No record for the sale of a mysterious Gustav Klimt painting in Austria

The Portrait of Mademoiselle Lieser, missing for 100 years, was sold for 30 million euros on Wednesday, the low estimate for this painting with its unclear provenance.

The Portrait of Mademoiselle Lieser by Gustav Klimt, a missing painting which recently resurfaced, was sold for 30 million euros on Wednesday in Vienna, a record in Austria despite the gray areas surrounding its provenance. Valued at between 30 and 50 million euros, it will ultimately have been sold at the bottom of the range of estimates from the house “im Kinsky”, far from the 86 million euros reached in June 2023 in London for another canvas of this artist.

The event remains no less historic, “no comparable work” never having been offered in the artist’s native country, according to Claudia Mörth-Gasser, head of the modern art section at Im Kinsky. “No one expected that a painting of this importance, which had disappeared for a hundred years, would resurface”she says, while the previous Austrian record stands at “only” 7 million euros for a Flemish painting sold in 2010.

This resurrected and unsigned portrait caused a sensation. Especially since it is very well preserved and has never left Austria. Since it was unveiled in January, people have rushed to admire it at exhibitions preceding the sale in Switzerland, Germany, Great Britain and Hong Kong.

And of course at home in a magnificent baroque palace in the heart of the capital, surrounded by sketches by the master and other works by contemporaries like Egon Schiele, also appearing in the sale which is due to start at 5 p.m. (3 p.m. GMT).

Helene, Annie or Margarethe?

The canvas, begun in 1917 and remaining unfinished, represents a young brunette woman with precise features, adorned with a large cape richly decorated with flowers on a bright red background. The painter died the following year and a mystery, hotly debated in the specialist press, still surrounds the identity of the model.
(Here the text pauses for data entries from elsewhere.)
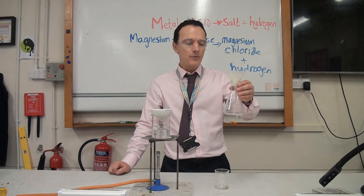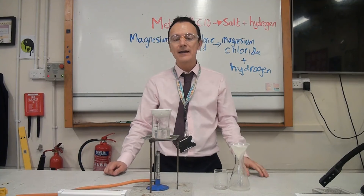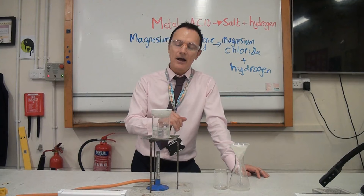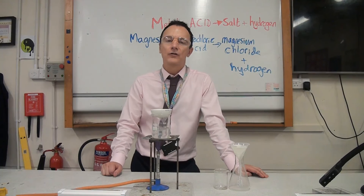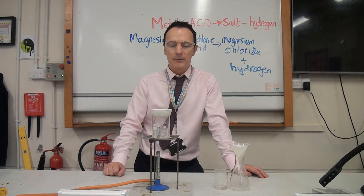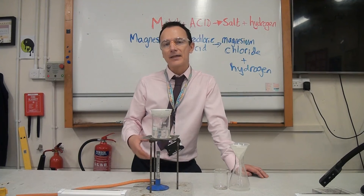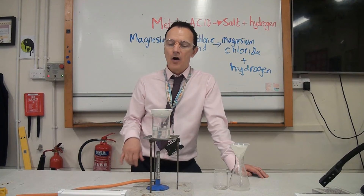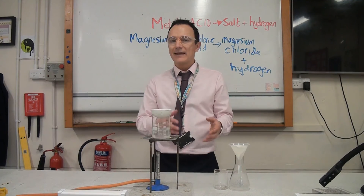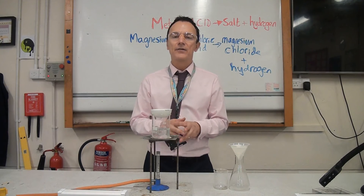When it's all filtered through, we're going to pour the magnesium chloride solution into the evaporating dish. You'll see we're heating it over a water bath for more controlled, gentle heating rather than putting the evaporating dish straight on top of the gauze. We don't heat it until all of the water has gone — we heat it until either half the water has evaporated or until we start seeing crystals appearing around the edge. At that point we take it off the heat and let the rest of the water evaporate naturally over the next few days.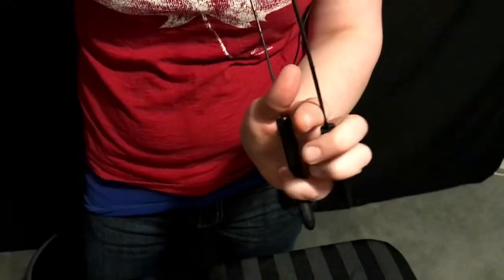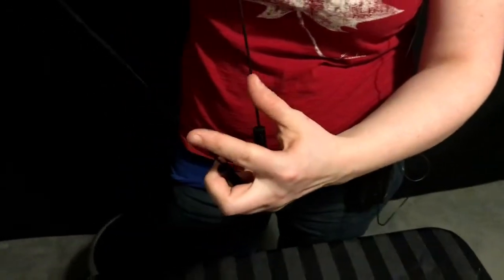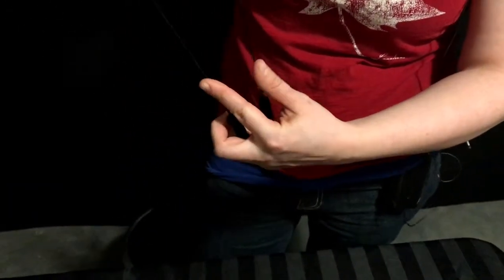I put my pinky in the middle of these two arm rods, my two fingers up here, and then these two fingers are controlling the two arms.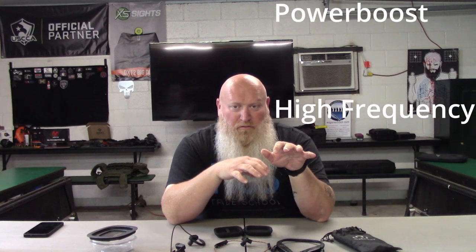These have different volume options: Power Boost, Universal, Clear Voice, and a fourth option I'm blanking on right now — I'll have a list on screen so you can see all four. Those options can be controlled through the app for the Razors and the ATAX. The Ropes, however, cannot be controlled with the app — they're controlled manually right on the device.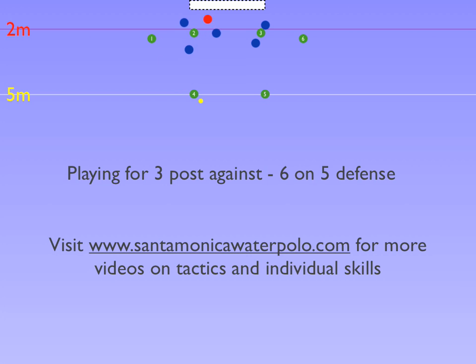When the ball is passed from the 1 to the 4, the 4 slides forward and to the left into a shooting lane past the X4 defender. In order for the X4 defender to cover the shot, he will slide with the 4.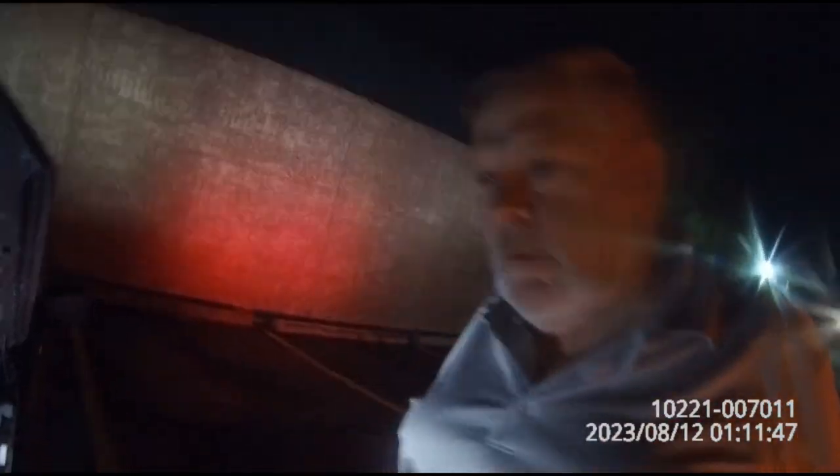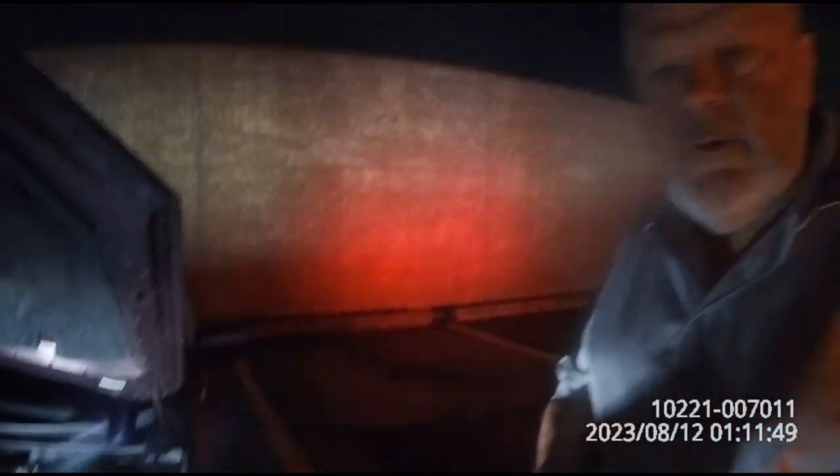How you doing, bud? Hey, how you doing? They say you got a dead battery? Yeah, alright, it's 120 bucks for the service. I need a receipt? I'll get you your receipt, alright. How long were you waiting for insurance?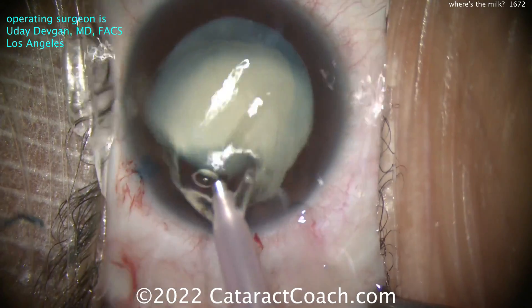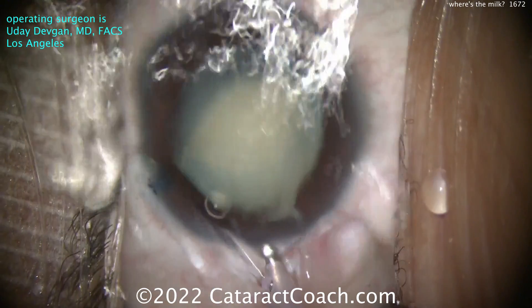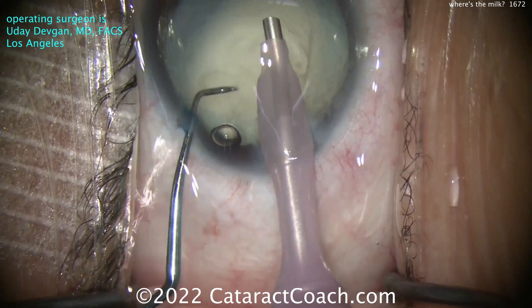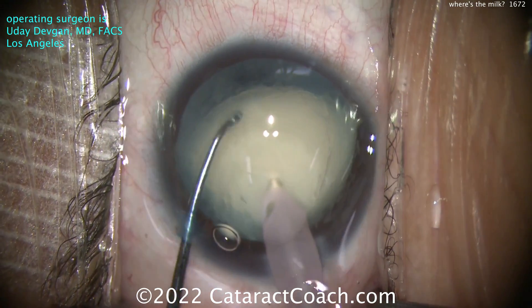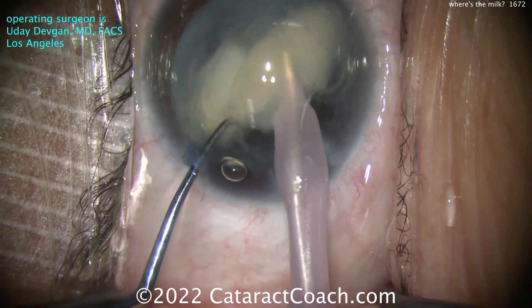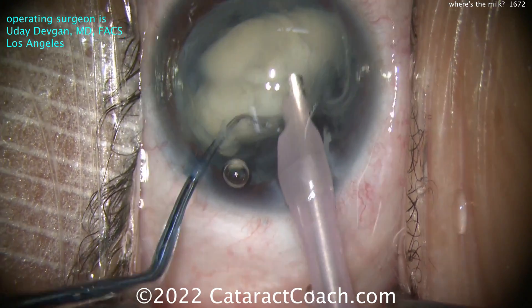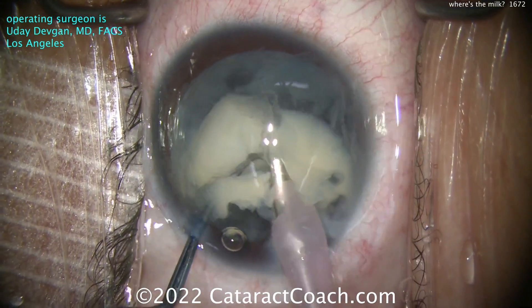The nucleus tilted up like that - I'm going to get that chopper behind it just in case there's a denser thick posterior plate; we'll be able to split that nucleus. Phaco probe going in, chopper on the other hand. Let's get that probe deep into the middle of the nucleus. The chopper has to go around and behind the nucleus - nice and solid, good density in this lens.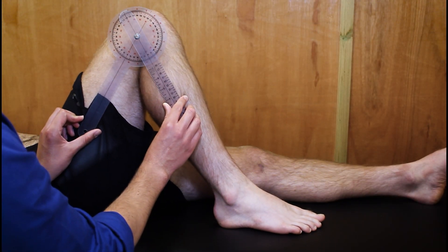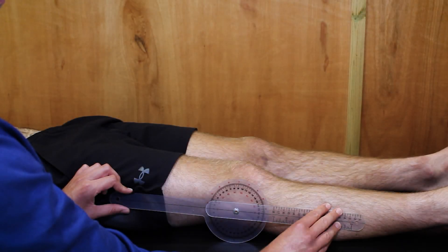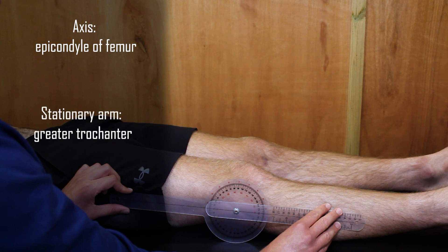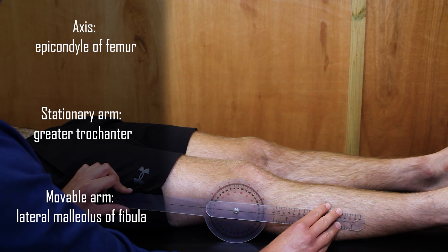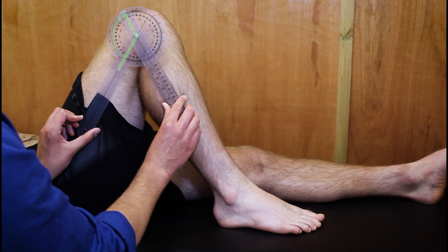To measure knee flexion, the patient is positioned in supine. The axis of the goniometer is placed over the lateral epicondyle of the femur, with the stationary arm parallel to the femur pointing to the greater trochanter and the movable arm parallel to the fibula pointing to the lateral malleolus. Ask the patient to bend their knee as much as possible.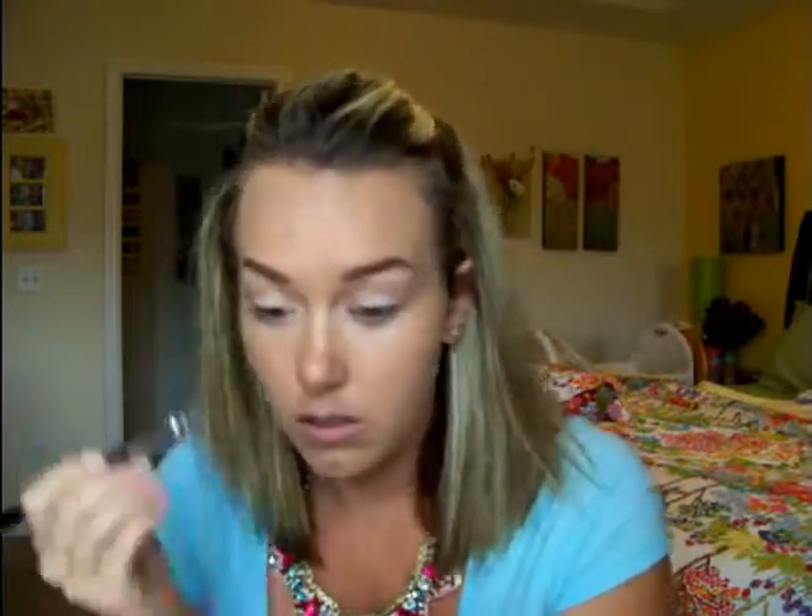I'm going to take the Rimmel London Scandalize in black — it's waterproof — and I'm going to tightline with it. It does transfer; I've tried a lot of different eyeliners and they always transfer for me, but I do like it. It's black, it's nice, it's creamy. I felt like I lost a little bit of that white shade, so I just put a little bit more of that matte white onto my eyelid.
Who is this young Viennese from the wealthy upper middle class, who visited the workshop of the adored genius of her time nine times? Only one thing is certain: she comes from the Lieser family, a great Jewish industrial dynasty, patron of the artistic avant-garde. But is she one of the two daughters named Helene and Annie of Henriette (Lilly) Lieser, a wealthy divorcee who was a pioneer in the emancipation of women? Or that of his brother-in-law Adolf, Margarethe, as claimed in a first complete catalog of Klimt’s works, produced in the 1960s? The only photo of the painting known to date, probably taken in 1925 as part of an exhibition, would suggest that it belonged to Lilly Lieser that year.

Nazi trader

According to the daily The standard, which is based on correspondence archived in an Austrian museum, she could have entrusted it to a member of her staff before dying in deportation at the end of 1943. The painting then reappeared with a Nazi trader before her daughter, then distant relatives inherit it in turn. But for Kinsky, specialized in restitution procedures, it is a “hypothesis among others”. After the war, the painting was never claimed, unlike other goods, by one of the three Lieser descendants who had all survived.

Bound to confidentiality, Claudia Mörth-Gasser explains to AFP that her employer was contacted two years ago for legal advice by its owners, who wish to remain anonymous. Im Kinsky informed the current beneficiaries of the two Lieser branches, who live in particular in the United States. Some traveled to see the painting, before signing a contract with the owners, thus removing an obstacle to the sale of the painting. Nothing has filtered out about the terms of this amicable agreement and experts are criticizing a procedure deemed too rapid, despite the uncertainties over the fate of a work of immense value.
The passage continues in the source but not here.